Your task is to copy the data exactly while leaving out every picture.

> AVAILABLE DATA:
===

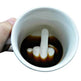 Character Ceramic Middle Finger Cup Coffee Cup With Middle Finger Up - EX-STOCK Canada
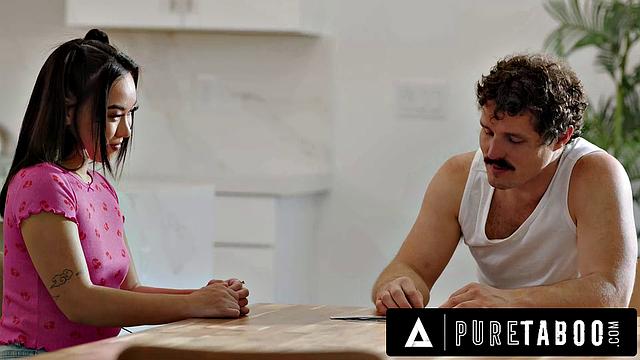 PURE TABOO Controlling Terminally Man Guilt-Trips Assistant Kimmy Kimm To Get What He Wants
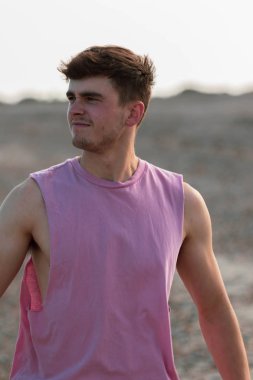 Altın saat plaj yürüyüş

===

> RESPONSE TO THE TASK:
 Character Ceramic Middle Finger Cup Coffee Cup With Middle Finger Up - EX-STOCK Canada
 PURE TABOO Controlling Terminally Man Guilt-Trips Assistant Kimmy Kimm To Get What He Wants
 Altın saat plaj yürüyüş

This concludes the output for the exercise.